- [About this task]:
Return exactly the lines of the records below, starting at the line that contains "Leisure-Beads - 1x" and ending at the line that contains "Жіноча футболка Skull in helmet Білий фото", with both of those lines kept.

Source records

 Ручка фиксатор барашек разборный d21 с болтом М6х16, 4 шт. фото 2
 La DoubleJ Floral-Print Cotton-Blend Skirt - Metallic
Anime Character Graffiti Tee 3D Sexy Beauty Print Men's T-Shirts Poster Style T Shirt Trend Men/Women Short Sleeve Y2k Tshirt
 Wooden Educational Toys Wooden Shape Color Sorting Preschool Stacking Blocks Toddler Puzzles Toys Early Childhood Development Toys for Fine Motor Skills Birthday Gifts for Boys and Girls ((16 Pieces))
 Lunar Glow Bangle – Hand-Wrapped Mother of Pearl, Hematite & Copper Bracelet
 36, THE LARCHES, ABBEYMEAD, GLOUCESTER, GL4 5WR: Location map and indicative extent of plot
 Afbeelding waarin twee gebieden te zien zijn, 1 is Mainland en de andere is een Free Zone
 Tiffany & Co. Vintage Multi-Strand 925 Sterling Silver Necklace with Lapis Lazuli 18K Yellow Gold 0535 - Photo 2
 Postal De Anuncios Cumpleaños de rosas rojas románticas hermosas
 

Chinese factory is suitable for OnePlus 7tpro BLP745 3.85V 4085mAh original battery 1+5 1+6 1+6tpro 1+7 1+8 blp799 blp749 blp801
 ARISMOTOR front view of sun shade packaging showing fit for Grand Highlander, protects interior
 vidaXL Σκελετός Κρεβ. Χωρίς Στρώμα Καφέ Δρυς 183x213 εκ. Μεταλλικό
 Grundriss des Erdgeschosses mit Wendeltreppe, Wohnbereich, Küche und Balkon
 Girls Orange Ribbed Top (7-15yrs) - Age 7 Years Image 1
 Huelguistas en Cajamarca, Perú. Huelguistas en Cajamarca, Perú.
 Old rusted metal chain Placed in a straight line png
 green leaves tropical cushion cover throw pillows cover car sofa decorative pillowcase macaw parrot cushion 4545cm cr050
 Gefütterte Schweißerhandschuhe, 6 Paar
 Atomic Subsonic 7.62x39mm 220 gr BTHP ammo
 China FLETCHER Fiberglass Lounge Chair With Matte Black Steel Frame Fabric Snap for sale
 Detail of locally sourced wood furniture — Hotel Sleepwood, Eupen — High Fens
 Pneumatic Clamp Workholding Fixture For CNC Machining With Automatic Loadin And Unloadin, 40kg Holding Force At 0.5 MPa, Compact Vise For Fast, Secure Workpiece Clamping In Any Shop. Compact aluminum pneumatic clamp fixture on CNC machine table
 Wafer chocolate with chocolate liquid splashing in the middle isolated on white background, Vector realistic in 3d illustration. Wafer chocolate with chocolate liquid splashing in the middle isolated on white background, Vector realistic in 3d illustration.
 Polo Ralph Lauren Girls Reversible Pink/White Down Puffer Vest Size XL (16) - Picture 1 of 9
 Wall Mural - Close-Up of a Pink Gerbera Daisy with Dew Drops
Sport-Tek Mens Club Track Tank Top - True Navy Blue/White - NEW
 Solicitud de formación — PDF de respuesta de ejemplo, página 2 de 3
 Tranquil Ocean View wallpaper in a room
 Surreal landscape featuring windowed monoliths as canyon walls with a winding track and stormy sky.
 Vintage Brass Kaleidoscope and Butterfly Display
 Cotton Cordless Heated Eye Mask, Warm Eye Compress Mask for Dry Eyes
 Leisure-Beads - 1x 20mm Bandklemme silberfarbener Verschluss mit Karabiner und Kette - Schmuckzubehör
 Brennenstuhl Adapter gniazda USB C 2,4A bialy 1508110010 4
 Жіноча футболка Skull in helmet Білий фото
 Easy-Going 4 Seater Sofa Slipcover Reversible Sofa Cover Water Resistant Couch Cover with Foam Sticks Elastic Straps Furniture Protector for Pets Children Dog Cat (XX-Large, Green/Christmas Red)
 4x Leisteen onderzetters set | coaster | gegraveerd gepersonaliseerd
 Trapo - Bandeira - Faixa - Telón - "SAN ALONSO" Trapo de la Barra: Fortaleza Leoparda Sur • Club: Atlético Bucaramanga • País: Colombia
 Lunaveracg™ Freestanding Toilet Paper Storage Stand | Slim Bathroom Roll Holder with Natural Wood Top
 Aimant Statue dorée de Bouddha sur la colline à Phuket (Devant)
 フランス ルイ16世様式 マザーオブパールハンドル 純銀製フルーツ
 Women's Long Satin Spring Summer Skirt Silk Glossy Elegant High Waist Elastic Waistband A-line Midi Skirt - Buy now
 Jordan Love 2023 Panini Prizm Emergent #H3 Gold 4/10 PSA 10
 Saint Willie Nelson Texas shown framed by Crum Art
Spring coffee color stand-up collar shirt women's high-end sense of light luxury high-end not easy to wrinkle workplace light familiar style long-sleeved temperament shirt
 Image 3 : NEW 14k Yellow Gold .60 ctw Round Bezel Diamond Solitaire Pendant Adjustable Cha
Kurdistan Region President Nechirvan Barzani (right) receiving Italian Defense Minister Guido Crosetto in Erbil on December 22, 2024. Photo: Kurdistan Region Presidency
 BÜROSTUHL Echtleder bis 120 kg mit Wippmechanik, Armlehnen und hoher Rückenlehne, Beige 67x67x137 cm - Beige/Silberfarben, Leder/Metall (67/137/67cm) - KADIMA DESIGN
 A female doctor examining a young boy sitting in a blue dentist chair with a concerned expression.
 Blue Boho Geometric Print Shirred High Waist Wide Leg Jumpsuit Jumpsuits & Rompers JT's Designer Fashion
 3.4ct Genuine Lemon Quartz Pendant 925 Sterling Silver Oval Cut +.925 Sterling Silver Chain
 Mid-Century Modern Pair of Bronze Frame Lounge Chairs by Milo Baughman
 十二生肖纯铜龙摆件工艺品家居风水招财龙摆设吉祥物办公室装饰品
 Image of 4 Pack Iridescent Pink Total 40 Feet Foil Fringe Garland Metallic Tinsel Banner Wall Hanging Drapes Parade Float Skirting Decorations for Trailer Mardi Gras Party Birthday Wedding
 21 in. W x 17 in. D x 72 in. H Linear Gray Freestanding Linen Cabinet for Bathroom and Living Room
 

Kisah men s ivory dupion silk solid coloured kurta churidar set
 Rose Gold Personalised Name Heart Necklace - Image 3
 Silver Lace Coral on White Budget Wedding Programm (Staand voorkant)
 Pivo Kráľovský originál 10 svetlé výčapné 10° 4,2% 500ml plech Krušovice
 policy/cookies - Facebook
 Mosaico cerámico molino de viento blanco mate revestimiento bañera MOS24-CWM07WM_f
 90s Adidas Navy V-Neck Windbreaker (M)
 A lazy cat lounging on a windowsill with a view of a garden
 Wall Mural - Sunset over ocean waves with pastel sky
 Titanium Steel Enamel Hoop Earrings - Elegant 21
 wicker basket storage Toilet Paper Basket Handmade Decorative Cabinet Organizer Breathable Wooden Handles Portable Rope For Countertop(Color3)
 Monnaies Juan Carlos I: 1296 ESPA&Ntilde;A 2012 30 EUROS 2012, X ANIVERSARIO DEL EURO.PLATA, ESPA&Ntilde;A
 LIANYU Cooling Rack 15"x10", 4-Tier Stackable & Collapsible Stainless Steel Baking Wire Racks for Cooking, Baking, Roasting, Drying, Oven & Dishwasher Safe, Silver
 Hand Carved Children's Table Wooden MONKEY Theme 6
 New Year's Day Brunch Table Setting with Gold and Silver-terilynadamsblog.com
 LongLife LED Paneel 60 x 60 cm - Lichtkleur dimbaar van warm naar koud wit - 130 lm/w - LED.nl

- [Answer to the problem]:
 Leisure-Beads - 1x 20mm Bandklemme silberfarbener Verschluss mit Karabiner und Kette - Schmuckzubehör
 Brennenstuhl Adapter gniazda USB C 2,4A bialy 1508110010 4
 Жіноча футболка Skull in helmet Білий фото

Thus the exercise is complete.